The Prodigy are back - we talk to Liam Howlett ahead of Birmingham gig
He’s a rocker. And he’s a roller. He’s a punk and he’s a mod. The Prodigy’s Liam Howlett has already secured his legacy as one of the most important figures in electronic music. But he burns like one of Jack Kerouac’s fabulous Roman candles as he continues to push at the boundaries.
The songwriter, record producer, musician and occasional DJ is 47-years-old but with the energy and drive of a man half that age. And having changed the game for electronic music in Britain, the creator of Firestarter and Smack My Bitch Up who propelled dance music into stadiums is back for more.
Not content with selling 30 million albums and being an icon to the rave generation, Liam is back with the band’s first new album since 2015’s brilliant The Day Is My Enemy. The new album, No Tourists, was released last week.
No Tourists was prefaced by the explosive single Light Up The Sky, which illuminated the urgency and danger that has continually defined The Prodigy throughout their career. An attack of acid rock in which guitars combine with 303 mayhem, Maxim’s spitting vocal and an uplifting chorus from long-time contributor Brother Culture, characterised an album that takes listeners on a journey through the twisted, party-hard psych of a band that has resolutely followed their own route through the underbelly of popular culture since day one. It’s every inch a Prodigy record and it’s their most direct, concise and pure statement yet.
The Prodigy, after all, have never taken the lazy tourist route. They dominated the illegal rave scene, challenged anti-rave legislation and redefined the whole idea of what a band should be like. They brought UK electronic music to the US heartland, turning metal kids onto raving and ravers into metalheads . . . effectively reaching global audiences without compromise: see six number one albums, 30 million record sales, and multiple honours (two Brits, two Kerrang! awards, five MTV awards, two Grammy nominations).
“No Tourists is ultimately about escapism and the want and need to be derailed and not to follow that easy set path,” explains Liam from his North London studio. “In these times we live in people have become lazier and forgotten how to explore. Too many people are allowing themselves to be force fed, with whatever that may be. It’s about reaching out further to find another alternative route where the danger and excitement may be to feel more alive . . . not accepting that you can just be a tourist. That’s what the title is about for us.”
Liam planned to take a break following the band’s last album to allow himself to recharge – inevitably, it didn’t last long and soon he’d written six or seven tracks.

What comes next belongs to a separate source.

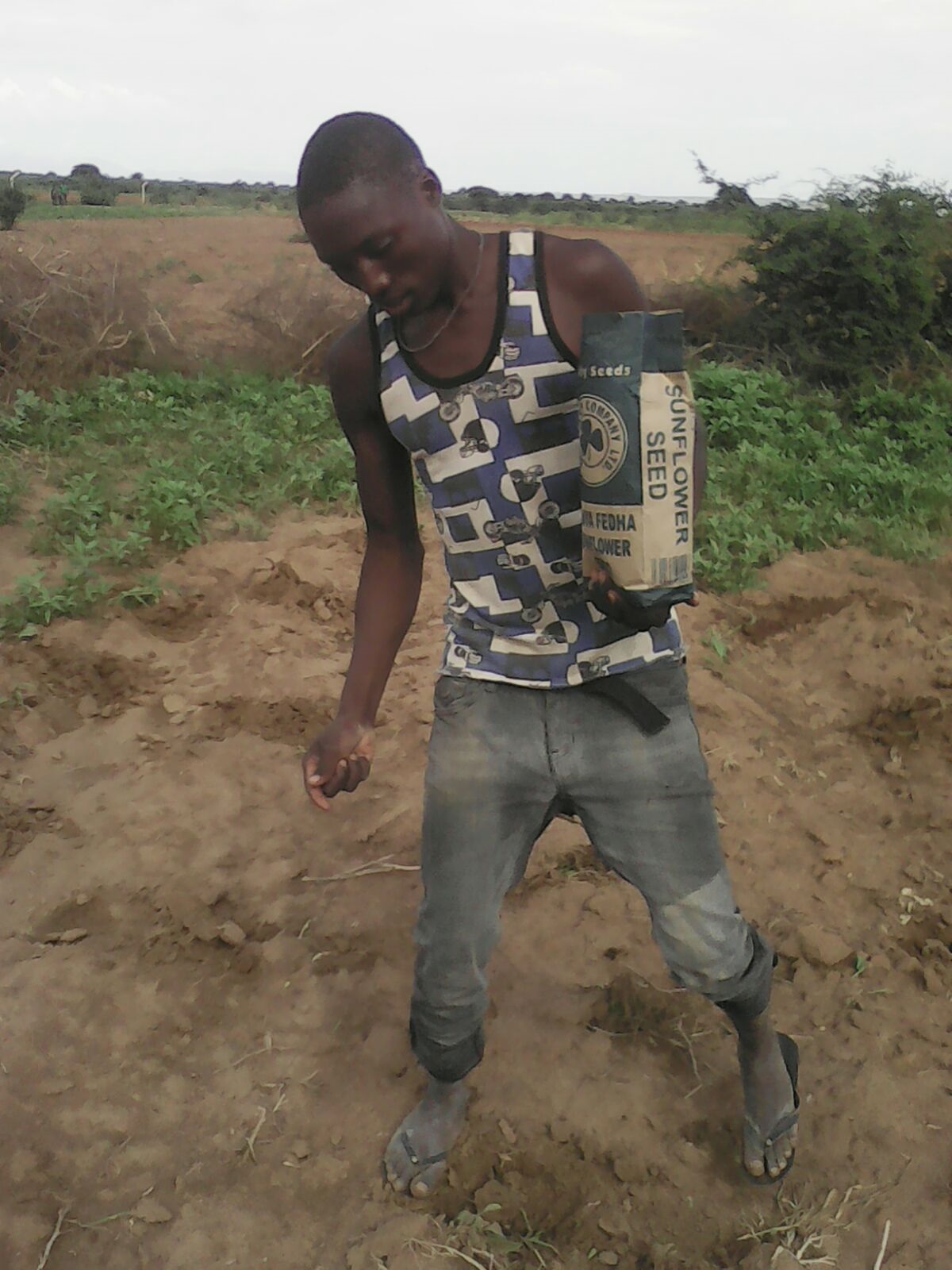 A young farmer in Ulemo planting Kenya Fedha seed variety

“I’d stay awake for a couple of days and mess with sleep to put my mind in a different zone to see what would happen. To find the ultimate time for ideas and work, I ended up getting a good zone going and carrying on. Even at the gigs, I was joining the dots and coming off stage and going to the closest hotels and just carrying on. That moment when you come off stage is a moment of pure clarity, I could tell what needed to be done.
“The Day Is My Enemy was just working at night. This was working in the day and in the night, with no sleep sometime.”
Time has become a blur in recent years as The Prodigy have enjoyed a remarkable renaissance. Their 2009 album Invaders Must Die was a double platinum, number one hit while The Day Is My Enemy also went to number one.
“When you’re in it, you don’t really know what’s going on. Time doesn’t mean anything. You’re working and your head’s in the right space. Time doesn’t exist. Some days I came in here, I turned the computer on – I hate sitting at a computer, that’s what an accountant does – I just like to turn the volume up and play. One day, I got up at 9am in the morning but it was actually 8pm at night, I was in a different zone. That’s where you can’t stop. At the end of the record, I just sat down and had a sleep. I went to Italy and laid by the pool for a while.”
Liam is looking forward to being back on the road and presenting a set that combines the best of the old with a bunch of new songs.